---------- Listed entries ----------

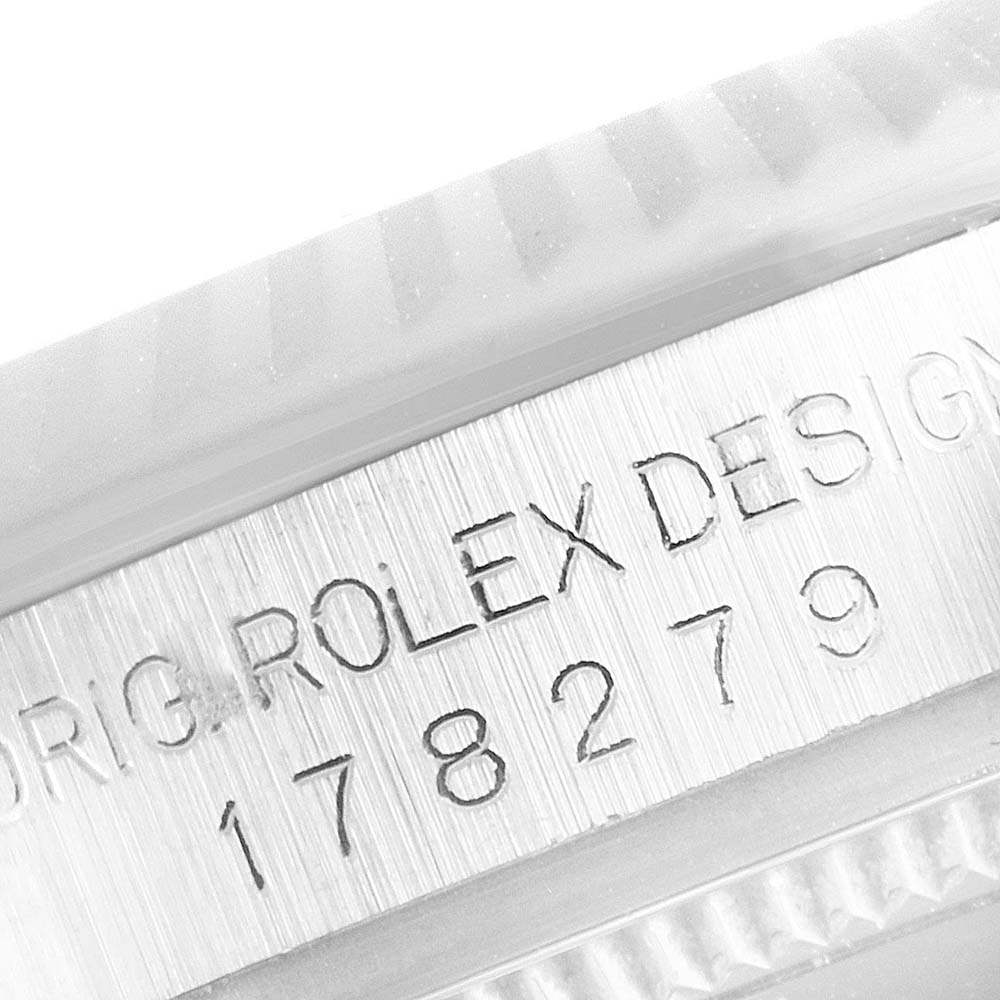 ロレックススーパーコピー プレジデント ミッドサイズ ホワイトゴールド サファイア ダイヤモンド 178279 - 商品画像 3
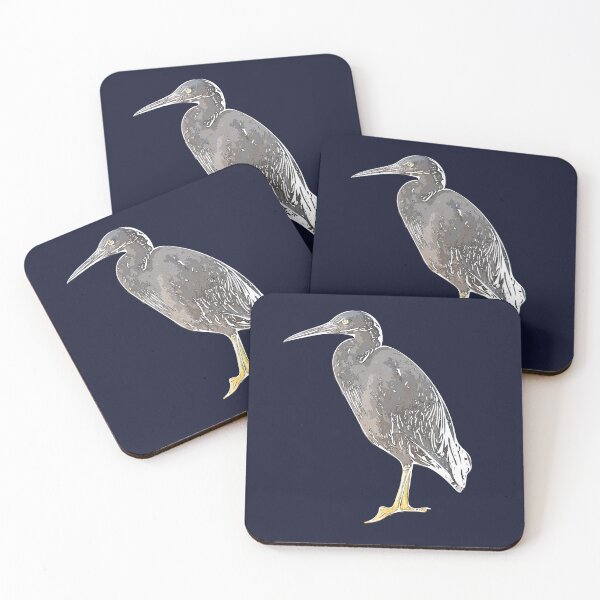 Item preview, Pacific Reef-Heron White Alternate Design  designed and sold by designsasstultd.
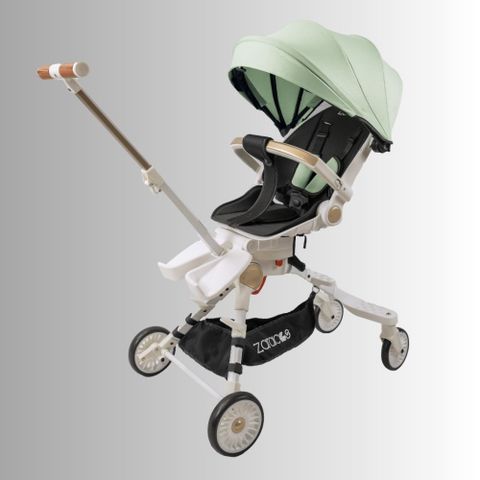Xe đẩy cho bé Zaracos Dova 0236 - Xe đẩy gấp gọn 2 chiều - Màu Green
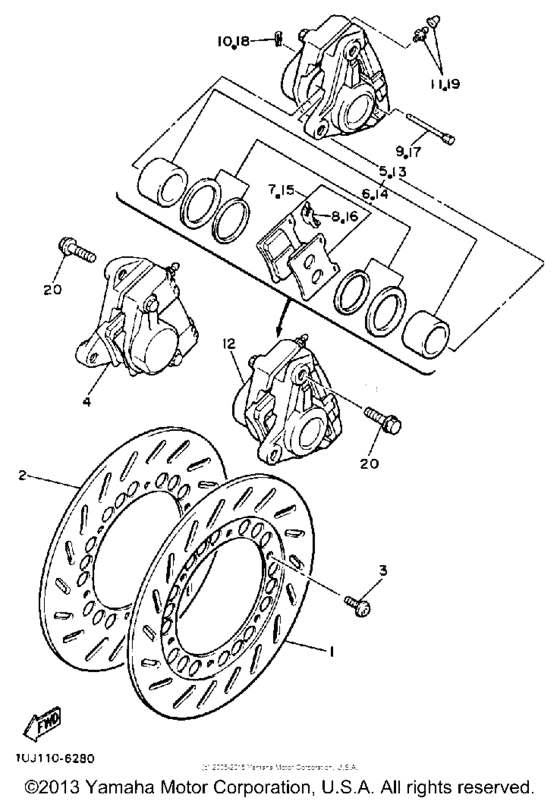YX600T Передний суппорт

----------
---------- Listed entries ----------

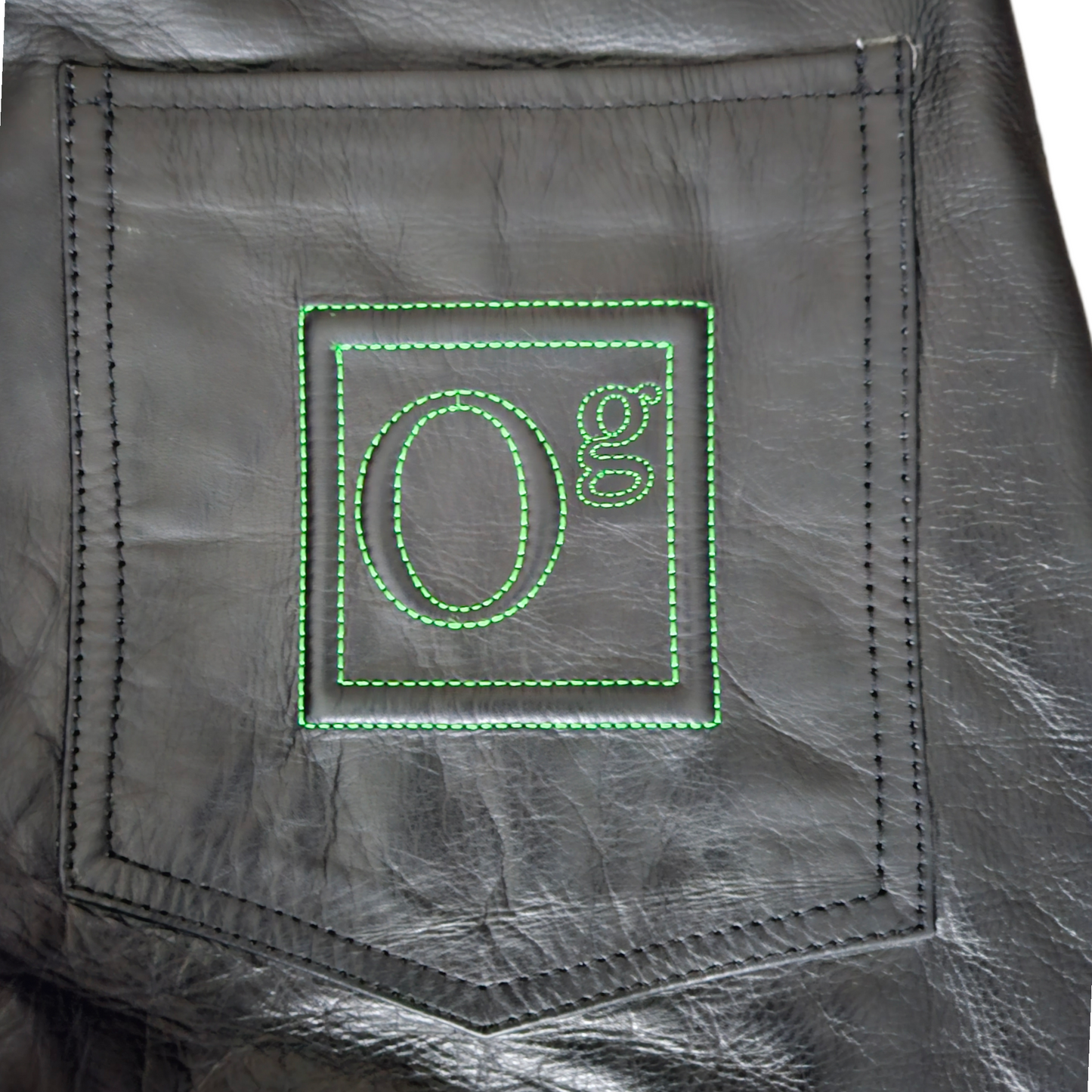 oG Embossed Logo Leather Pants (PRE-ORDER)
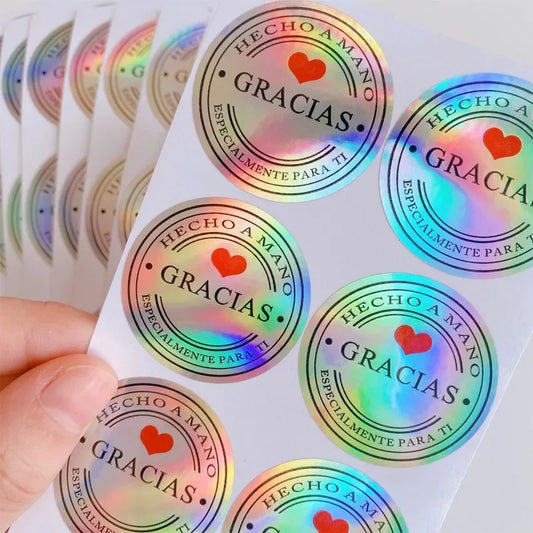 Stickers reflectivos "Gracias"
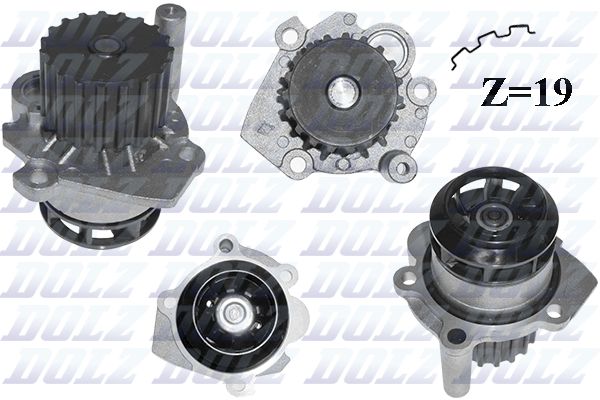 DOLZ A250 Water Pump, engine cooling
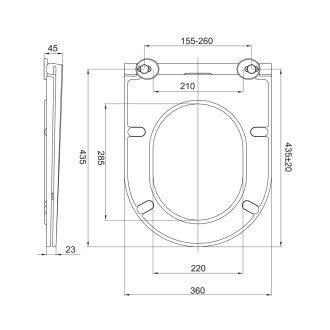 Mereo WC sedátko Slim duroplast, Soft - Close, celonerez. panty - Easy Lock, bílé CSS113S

----------

## Exercise objective
Beginning at the line that has "Item preview, Pacific" and ending at the line that has "YX600T Передний суппорт", restate the listing above word for word, pictures left out.

## Output
 Item preview, Pacific Reef-Heron White Alternate Design  designed and sold by designsasstultd.
Xe đẩy cho bé Zaracos Dova 0236 - Xe đẩy gấp gọn 2 chiều - Màu Green
YX600T Передний суппорт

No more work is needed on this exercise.